= Beginning of Section =

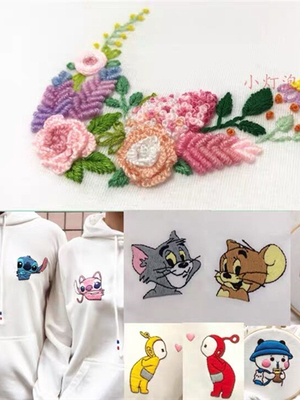 绣花图案手工工具套件初学绣绷套装材料包刺绣耐客对勾diy衣服.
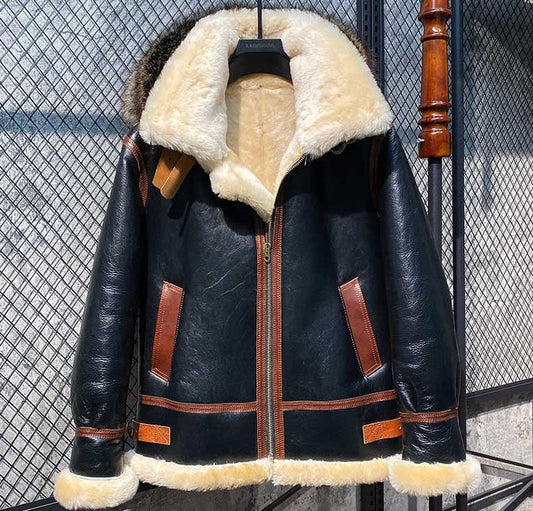 Genuine Leather Shearling Two Tone Hooded Jacket
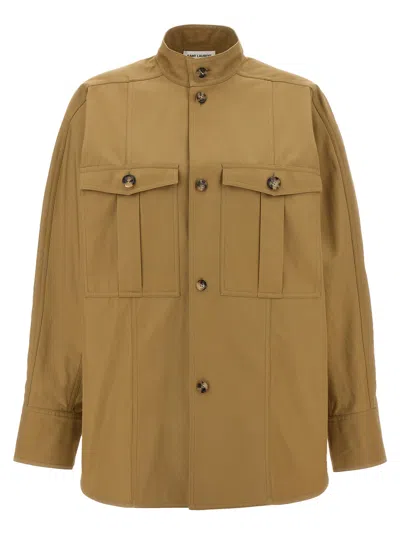 Saint Laurent Saharienne Shirt In Beige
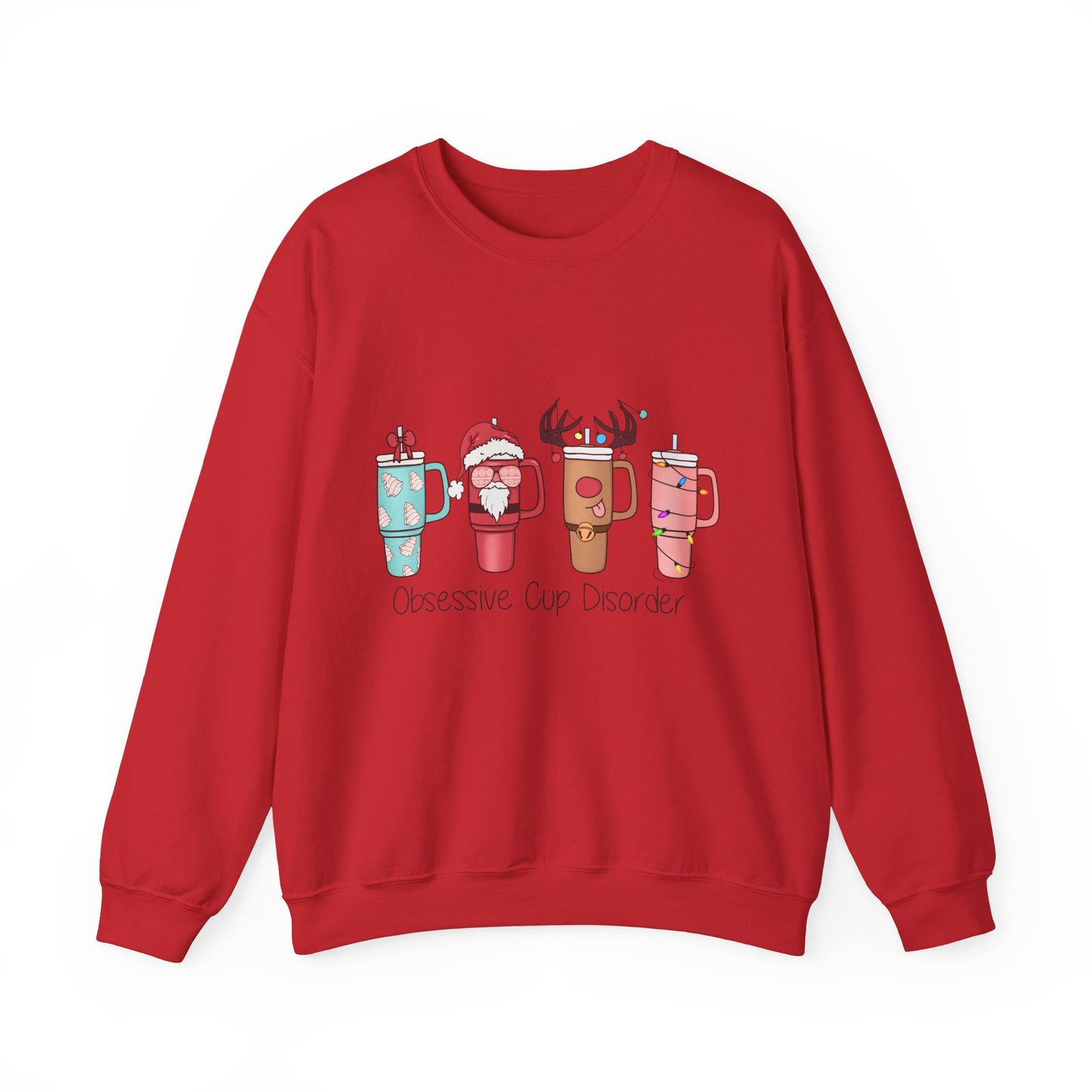 Retro Christmas Obsessive Cup Disorder Sweatshirt Funny OCD Sweater Funny Christmas Cups Crewneck OCD Lover Xmas Coffee Tee Christmas Sweat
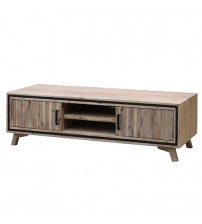 Seashore Solid Acacia Timber TV Cabinet With Silver Brush Colour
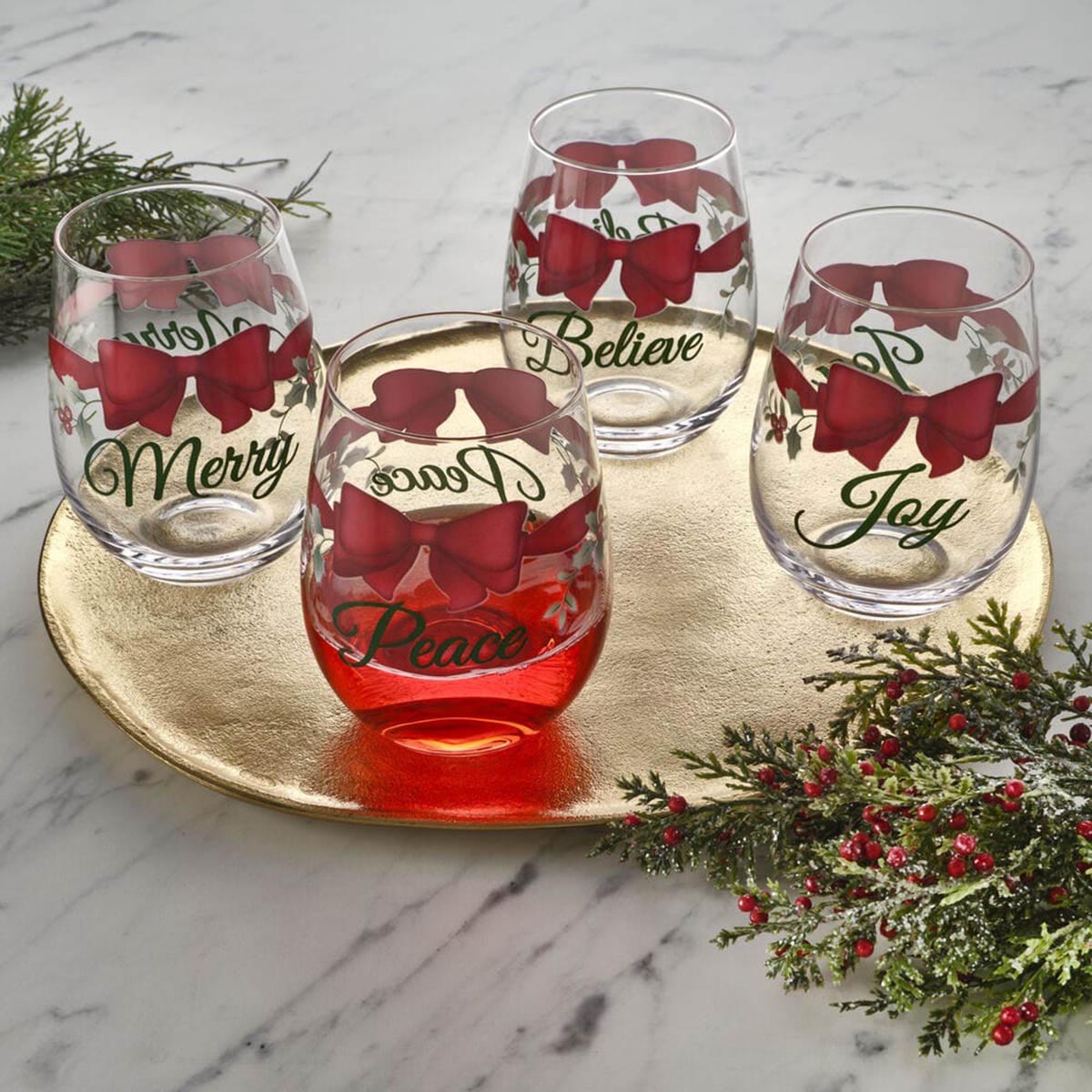 Pfaltzgraff(R) Berry Red Ribbon Stemless Wine Glasses - Set Of 4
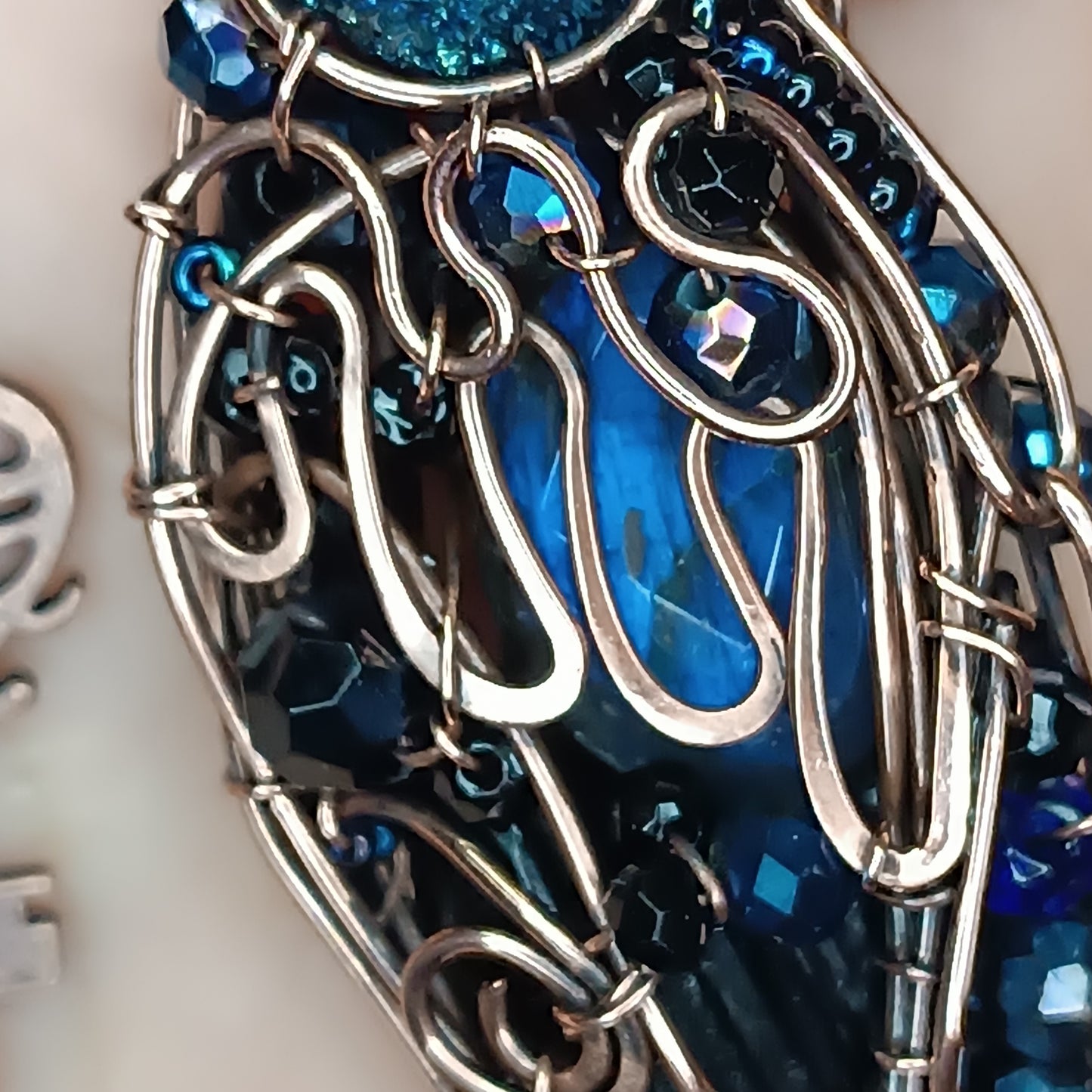 Dark blue night Secret keeper necklace. Blue raven.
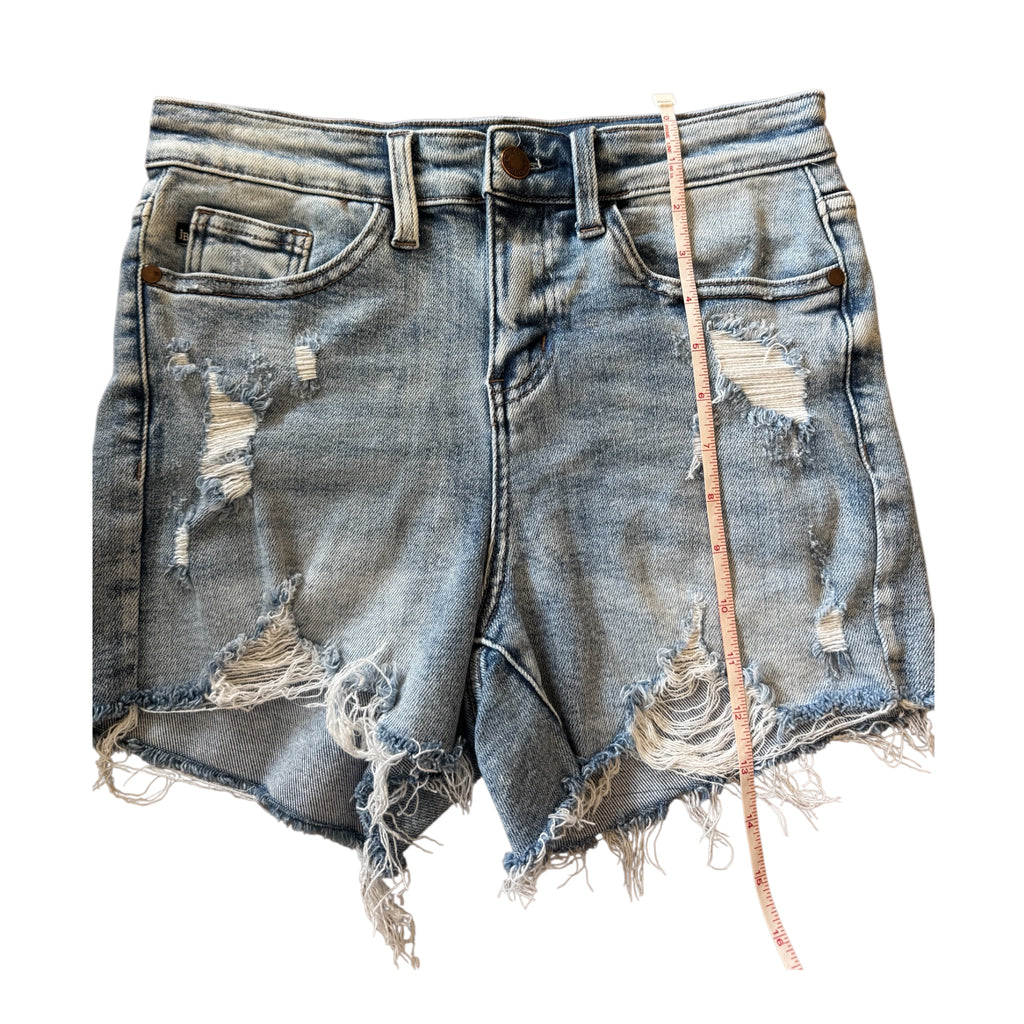 Risen RDS6106 Medium Wash Denim Shorts with Frayed Hem Size Small-RF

= End of Section =

- [WORK TO BE COMPLETED]: Write out, exactly and with nothing added, every line from the one that holds "Seashore Solid Acacia" to the end of the entries above; pictures stay out.

- [ANSWER AREA]:
 Seashore Solid Acacia Timber TV Cabinet With Silver Brush Colour
 Pfaltzgraff(R) Berry Red Ribbon Stemless Wine Glasses - Set Of 4
 Dark blue night Secret keeper necklace. Blue raven.
 Risen RDS6106 Medium Wash Denim Shorts with Frayed Hem Size Small-RF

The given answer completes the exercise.